Yep, I couldn't care less if they choose not to protect themselves. They only strengthen my work-from-home argument. I do feel bad for innocent kids who can't get vaccinated, but hopefully the vaccines will be available to younger and younger people soon. I hear there are now people going door-to-door to encourage people to get vaccinated. Could you imagine a worse job? I mean the level of stupidity these poor soles must encounter on an average day must be off the charts. They also risk getting a punch in the face.
It wasn't Pfizer. There was a list of companies working on vaccines which I happened to come across and a lot were smaller companies. I was kind of looking at it in the context of Moderna. I learned about them and got in at under $20/share. Sadly it was not much, but still has made me a nice little pot.

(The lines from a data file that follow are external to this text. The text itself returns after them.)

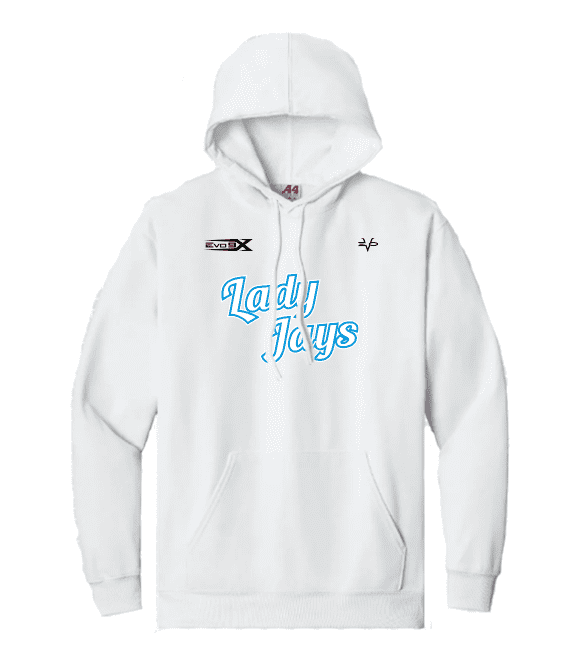 Lady Jays Performance Hoodie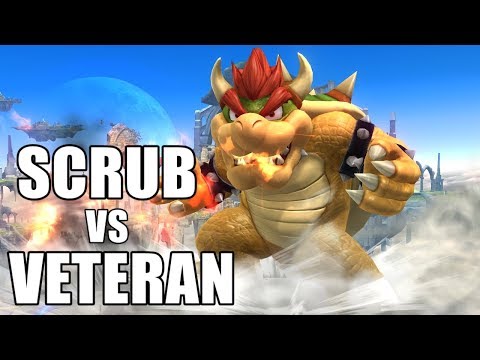 Fighting Against the Best Smash Ultimate Player I Know!!! Do I Stand a Chance???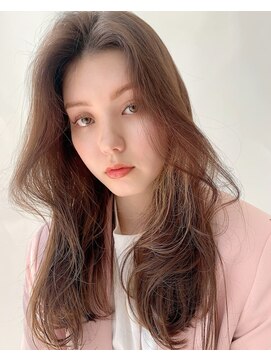 ヒール 大井町店(heel.OOI) 小顔/韓国/ヨシンモリ/マットブラウン[大井町]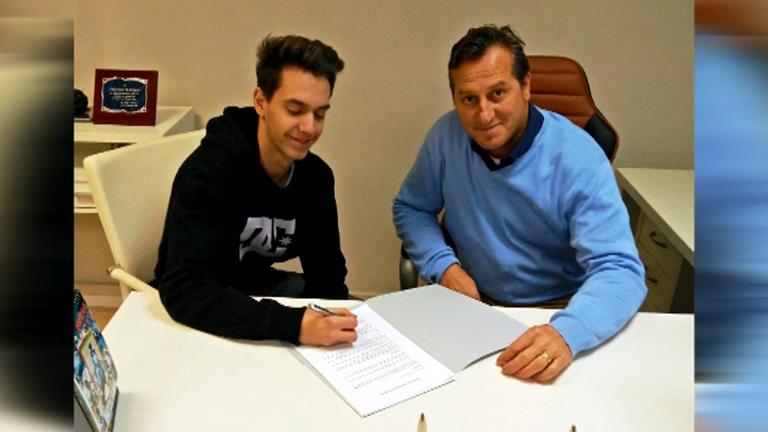 Xavi Cardelús signa amb Stylobike Petronas per dos anys
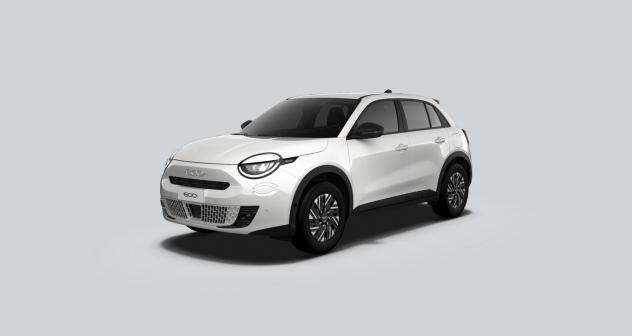 FIAT 600 New Hybrid La Prima Hybrid 110cv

That's apparently the way to do it - face to face interaction. Some are stuck in their anti-liberal mindset, but there are plenty who are hesitating and just need that in-person touch.
Yes, that looks interesting. There have been a number of important advances during the past year, outside of the vaccine formulas. Both in alternative methods of delivery but also in terms of therapeutics. I notice that report is from 2017, though. Did that not work out or was it thought better to work on the basis of giving people injections where you know the vaccine has been administered in a way that works? IOW it doesn't mean the patient maybe making a mistake in application.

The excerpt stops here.